Aslan sırt üstü uzandı. Ben de sol kolunun altından göğsüne doğru yattım. Bedenimin altındaki sol kolu kalçamda gezinirken, sağ eli tişörtün içerisine girmiş göğüs uçlarımla oynuyordu. Ancak Aslan'ın gözleri kapalıydı.
—Eee yalnız ben böyle uyumaya pek alışık değilim.
—Ben de, ama alışalım. Gelecek tatbikatı yapıyoruz burda.
—Gelecek tatbikatı mı?
Cümle çok hoşuma gitmişti. Ben de gözlerimi kapattım. Boynundan burnuma gelen kokusuyla göğüslerimle oynaması içimdeki ateşi yaksa da kendimi uyumaya zorladım ve garip bir şekilde uyudum. Yaklaşık 1,5 saat kadar uyumuştuk. Dudaklarıma değen öpücüklerle gözlerimi araladım. Sol kolu başıyla üçgen oluşturmuş bir şekilde dururken sağ eli hala tişörtün içindeydi. Gözümü açtığımda bana bakan gözlerini görünce o tatlı heyecan dalgası içimde gezindi. Onun da uyuyup uyumadığını merak ettim.

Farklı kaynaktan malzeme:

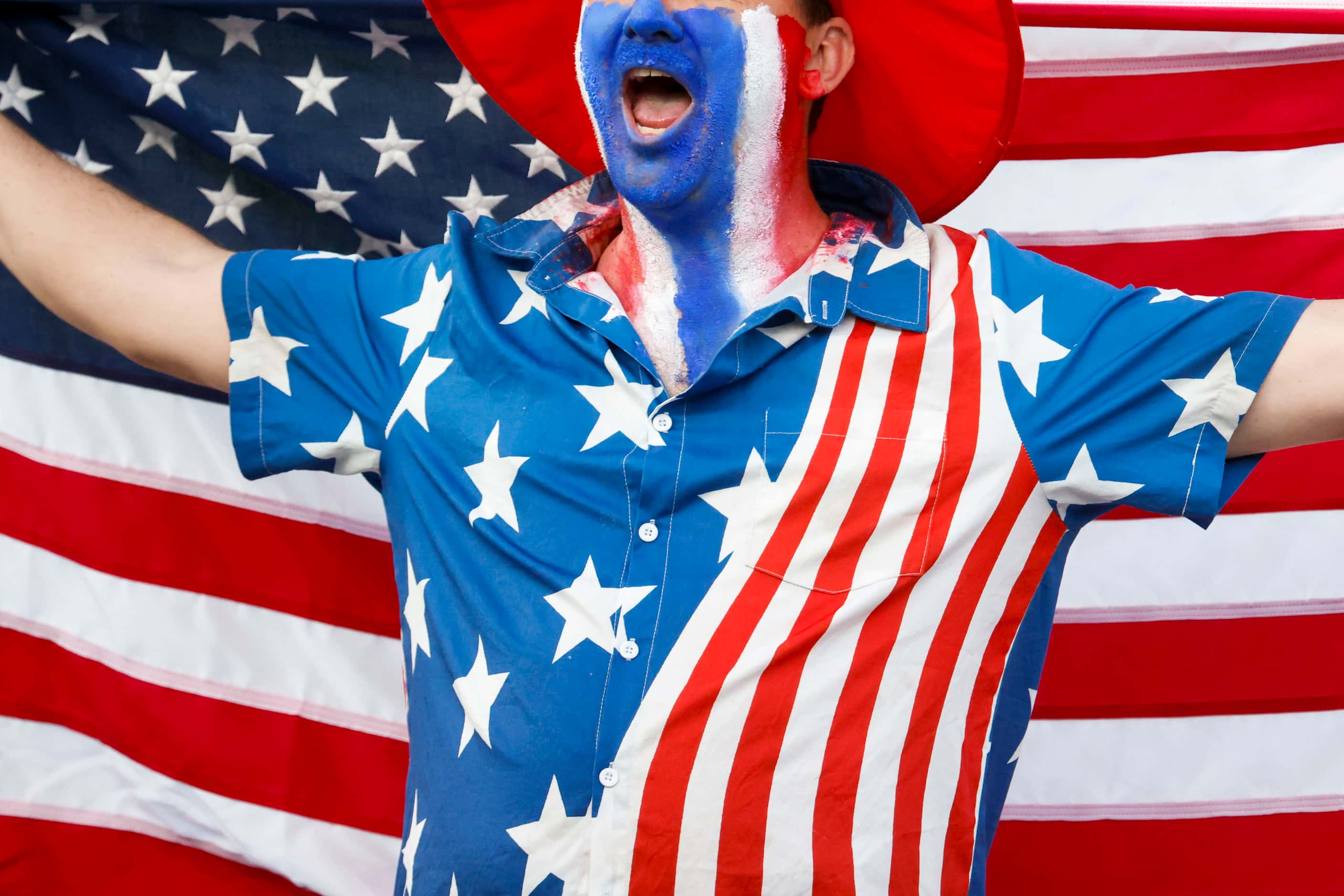 PJ Goedhals, of Houston area, wearing U.S themed outfit cheers during the men's T20 World...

—Tatbikatı başarıyla atlattık. Di mi?
—Evet. Şimdi sırada diğeri var.
—Diğeri neymiş?
Soruyu sormamla göğsümdeki eli hareketlendi ve aşağıya doğru kayarak çamaşırımdan içeriye girdi. Dokunuşuyla bedenim kasıldı.
—Ama biz bu kısmı geçmiştik zaten?
—Hayır, sabah uyandıktan sonra nasıl oluyor denemedik.
Hem konuşuyor hem okşuyordu. Nefes alış verişlerim değişmişti.
—O zaman deneyelim.
Der demez başımı yastıktan kaldırıp dudaklarına yapıştım. Aslan üzerime çıktı. Öpüşürken çamaşırımı çıkardı. Ve tişörtü yukarıya doğru sıyırdı.. Dudaklarımdan göğsüme indi. Bedenim yine benden bağımsız Aslan'a itaat ediyordu. Göğüs uçlarım kabardı, daha çok öpülmek için davet ediyordu. Aslan da oradan başını kaldıramıyordu. Parmakları içimde gezinip daha fazla ıslanmama sebep oluyordu. Tek kişilik yatakta zevkten dört köşeydim. O kadar azmıştım ki biran önce içimde hissetmek istiyordum. Nefesimi verir gibi hadi hadi diyordum. Aslan ise dudaklarıma gelerek
—Sabırlı ol bebeğim, daha var....
Gözleri parlıyordu, dudaklarında serseri hafif bir gülümseme, dağınık saçları... Bu adam benim diyordum içimden, BENİM. Örtüyü üzerine kapatıp denize dalar gibi yatağın içine daldı. Bacaklarımı ayırdı. Ben kıkırdıyordum. Taaakiiii dilini en ıslak yerimde hissedinceye kadar. Bu kez ağzımdan çıkan gülmeler değil inlemeler oldu. Zaten dayanamayan bedenime bu kadarı fazlaydı. Dakikalar bana saat gibi geldi. En son içime girmesi için yalvarıyordum. Aslan ise bu halime sadece gülüyordu. Onun gülen hali beni sinirlendirmişti. Beklemediği bir anda Aslan'ı yatağa itip üzerine çıktım. Şimdi gülme sırası bendeydi.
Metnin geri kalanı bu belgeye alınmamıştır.